The Outlying Island of Cheung Chau is a 1 hour ferry ride (or half hour fast ferry ride) from Central Pier #5. It is most well known for the annual Cheung Chau Da Jiu Festival, also known as the Bun Festival, during which 60 ft bamboo towers covered with buns are attacked by locals, the buns snatched off and consumed by the hungry masses. It’s a neat little place where cars are not allowed and vespas/bikes/motorcycles roam free instead. The beaches are beautiful and clean with nearly transparent water (since it faces away from the Hong Kong’s harbor, into the open ocean). There is a nice little temple called the Pak Tai temple (across from a basketball court…) just a short walk from the beach and an adorable little kitty cat who guards it therein. Docked in the little port where the ferry arrives are multicolored fishing boats (similar to ones I’ve seen in Valparaiso and Iquique in Chile) which adds a calm, tranquil beauty to the place. Alongside the port there is a long promenade lined with great little seafood restaurants, all with a view of the water and the boats. There are also a number of street food stalls along the alleys which connect the port to the beach on the other side of the dumbbell-shaped island.

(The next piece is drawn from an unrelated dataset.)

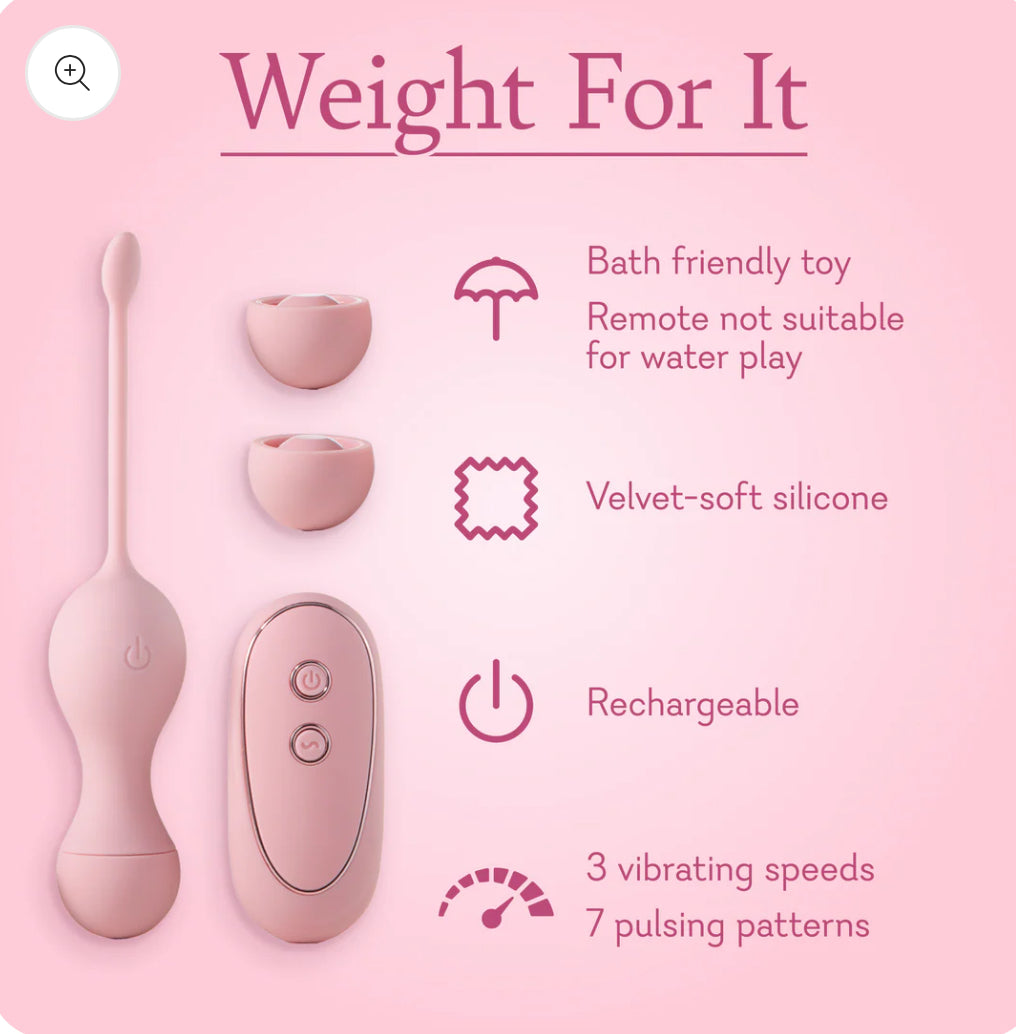 Weight for It - Kegel Training & Vibrating Massager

This is one of the little snacks I had at a food stall on my way to the beach. A potato is shaved into this  funky spiral shape, mounted on a skewer and deep fried til golden brown, greasy and crispy. A number of shakers are available for the customer to dash on as many different types of seasoning as they want. There is dried seaweed, curry, garlic powder, onion and chicken flavor. A recommend the “Cheung Chau Style” blend which is salty, garlicky and delicious. Careful with the “extra hot” though… it nearly burned my mouth off.


This was at one of the restaurants alongside the port (they’re all kind of the same…). We ordered a San Miggy and two dishes to share.

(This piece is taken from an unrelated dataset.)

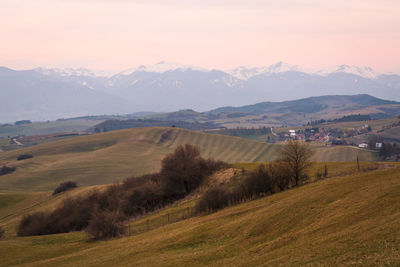 Rural landscape in turiec region, northern slovakia.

We had the classic Manila (?) Clams in Douchi (fermented, salted soybean sauce which is often called “black bean sauce”). The thick, very salty, pungent and slightly bitter sauce went perfectly with our crispy cool beer and was very flavorful while not overshadowing the sweet, juicy clams. They are also pretty fun to eat. Pick up a clam by the non-occupied shell and suck out all of the sauce which has collected in the occupied shell, covering the plump little flesh. Then suck of the clam itself and chew, savoring its own delicate sweetness. Yummy!

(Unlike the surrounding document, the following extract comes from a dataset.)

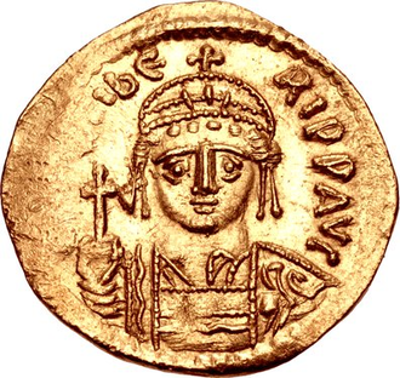 582 maurice was crowned as byzantine emperor succeeding tiberiu 08 13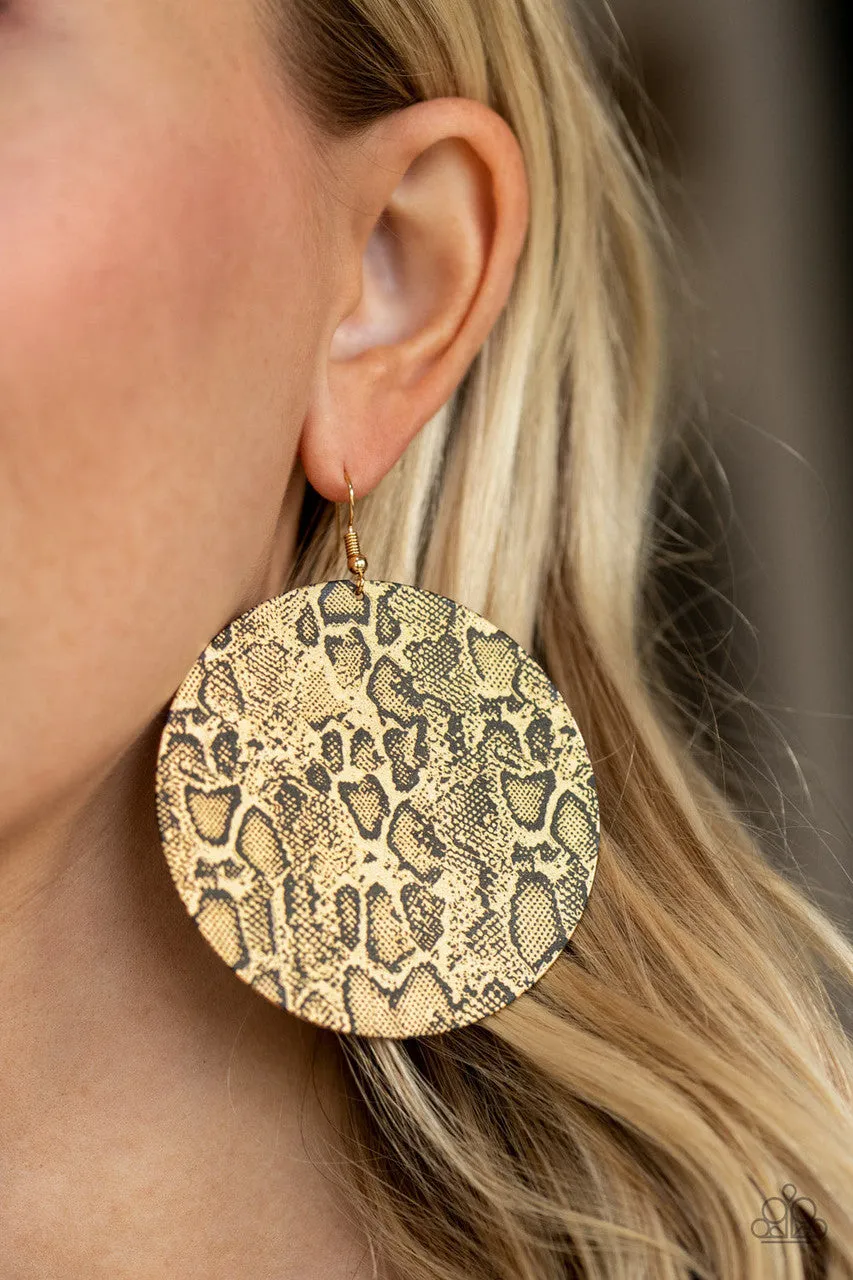 Animal Planet Gold Paparazzi Earrings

This was also a nice little dish and very satisfying after a day spent frying under the sun. Tender, white chunks of squid sauteed in butter, along with some chewy oyster mushrooms and gai lan (Chinese broccoli) with crunchy stems and soft, wilted leaves, which added a wonderful juiciness to each mouthful. The squid was cooked perfectly; it wasn’t rubbery at all but still had a nice firm bite to it. It was surprising that the thing was made with butter instead of oil, but this made it creamy and luxurious in texture and added a sinful, salty lick to the dish.


If you’re on the promenade directly facing the ferry terminal, make a left and walk all the way down along the coast of the island until you hit Cheung Chau Sai Tai Road. Near the fire station, there is a awesome little dessert shop that sells all kinds of crazy local dessert puddings and mochi. I tried two different types. The first was sago pudding with plenty of sweet coconut milk, with chewy grass jelly and ripe, juicy mangoes thrown in. In the center of the pudding was a little scoop of vanilla ice cream which melted into the sago, giving the pudding even more flavor and creamy texture.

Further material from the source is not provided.